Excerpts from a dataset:

==========

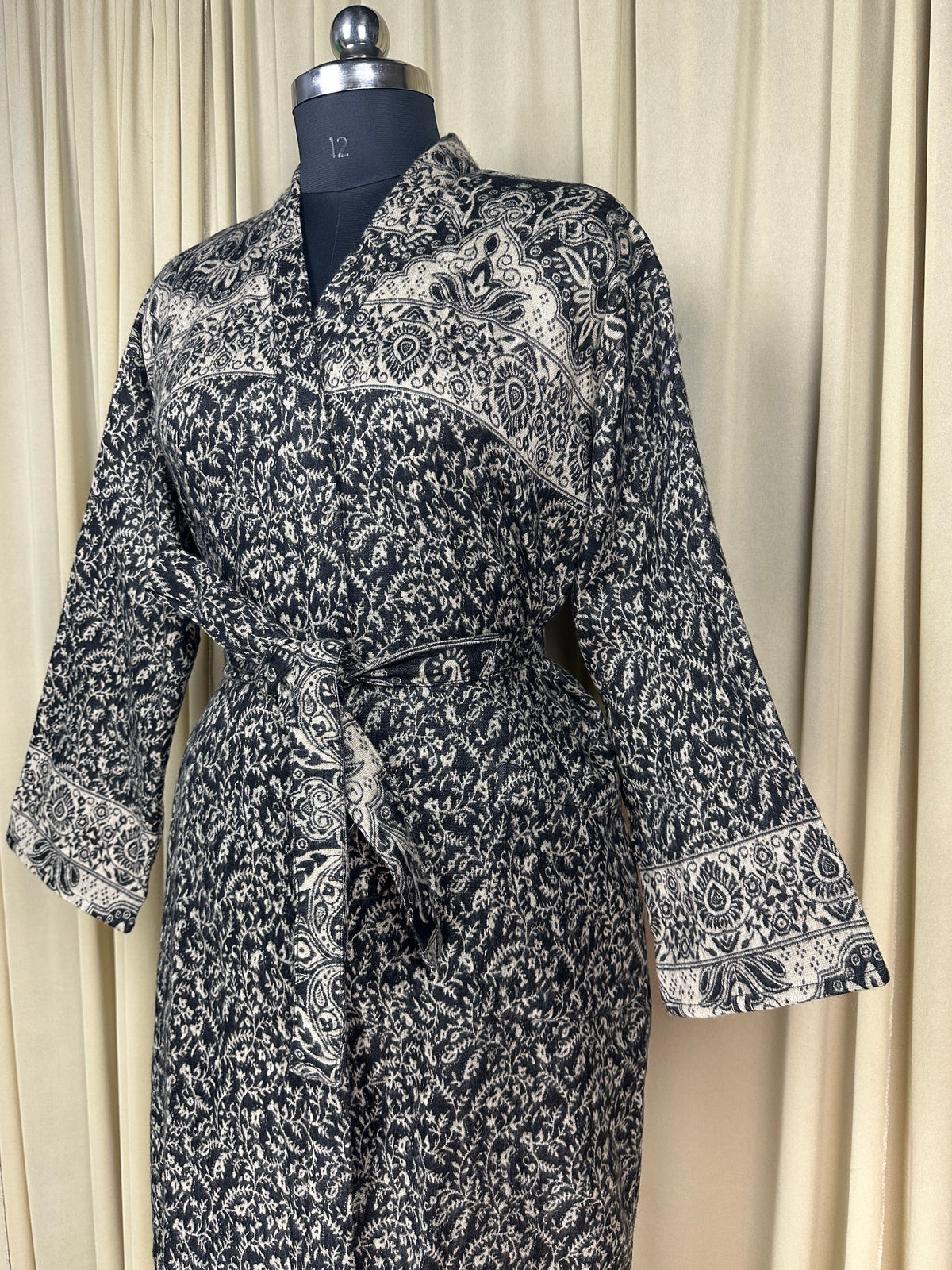 Yak Wool Blend Women Kimono Robe, Cozy Warm Winter Romance Loungewear | Black Floral Cardigan House Coat with Pockets, Quirky Christmas Gift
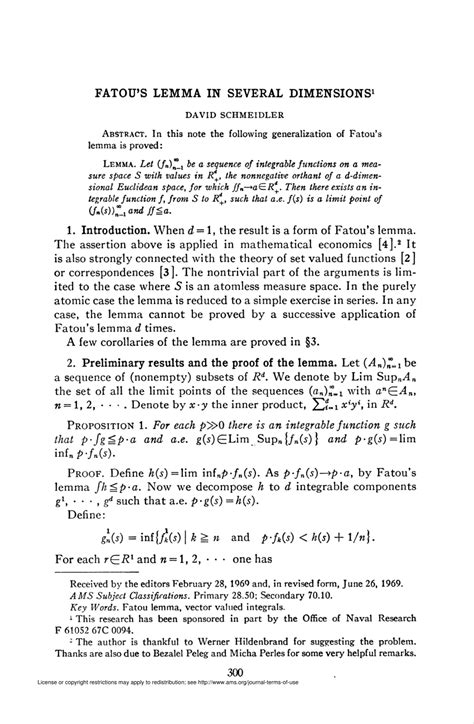 (PDF) Fatou's Lemma in Several Dimensions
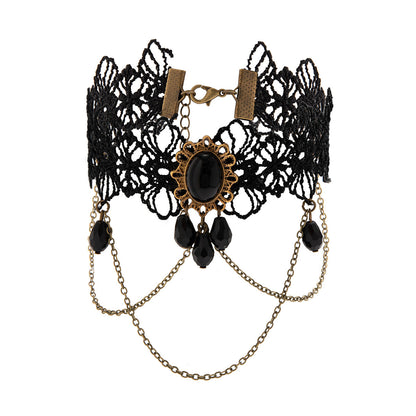 Gothic Lace Arm Chain With Black Water Drop Tassel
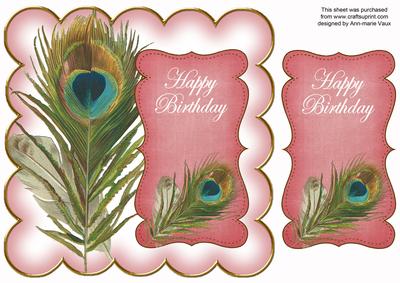 Pink Peacock Happy Birthday 8in Scallop Topper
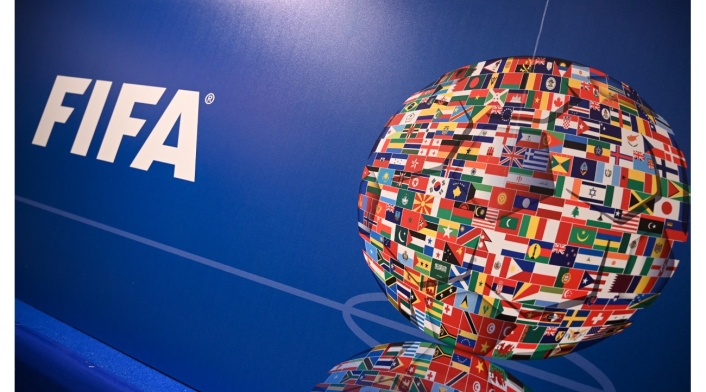 Logo FIFA Logo de la FIFA en rueda de prensa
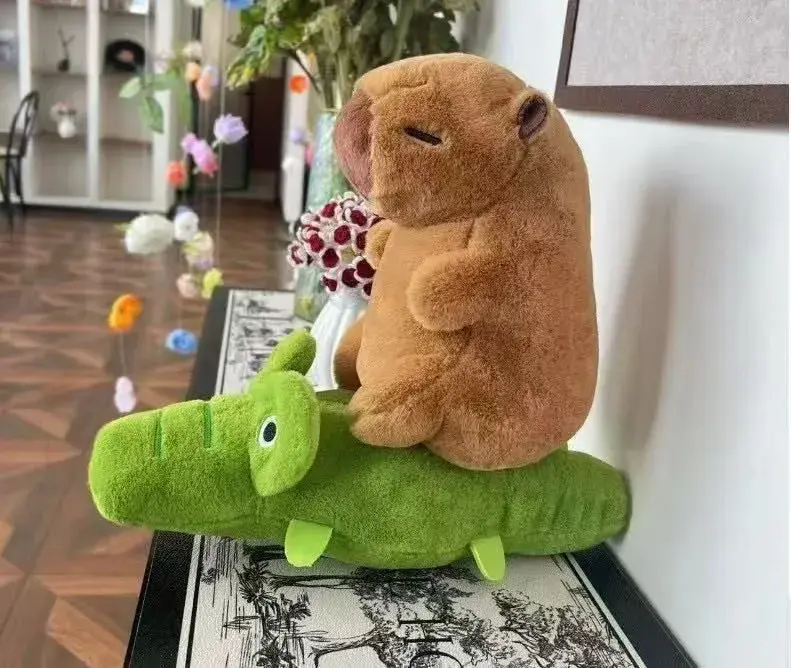 Brelok Maskotka Kapibara na Krokodylu 25cm Pluszowa Miękka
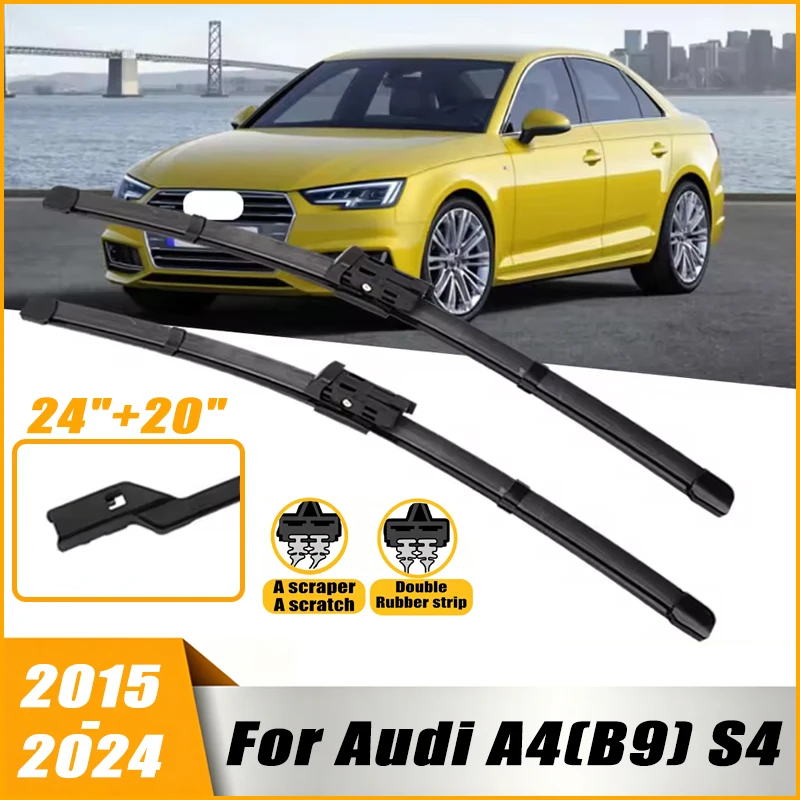 2Pcs 24"+20" Front Windshield Wiper Blades For Audi A4(B9) S4 RS4 Avant 2015-2024 2016 2017 2018 Quiet Durable Windscreen Wipers
2Pcs 24"+20" Front Windshield Wiper Blades For Audi A4(B9) S4 RS4 Avant 2015-2024 2016 2017 2018 Quiet Durable Windscreen Wipers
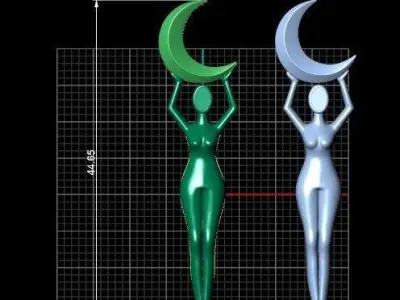 Crescent Moon Earrings 3D print model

==========

• _The problem_:
Begin at the line that contains "Brelok Maskotka Kapibara" and transcribe exactly, and only, each line through the final line of the data above, both included; the pictures do not go in.

• _Your solution_:
 Brelok Maskotka Kapibara na Krokodylu 25cm Pluszowa Miękka
 2Pcs 24"+20" Front Windshield Wiper Blades For Audi A4(B9) S4 RS4 Avant 2015-2024 2016 2017 2018 Quiet Durable Windscreen Wipers
2Pcs 24"+20" Front Windshield Wiper Blades For Audi A4(B9) S4 RS4 Avant 2015-2024 2016 2017 2018 Quiet Durable Windscreen Wipers
 Crescent Moon Earrings 3D print model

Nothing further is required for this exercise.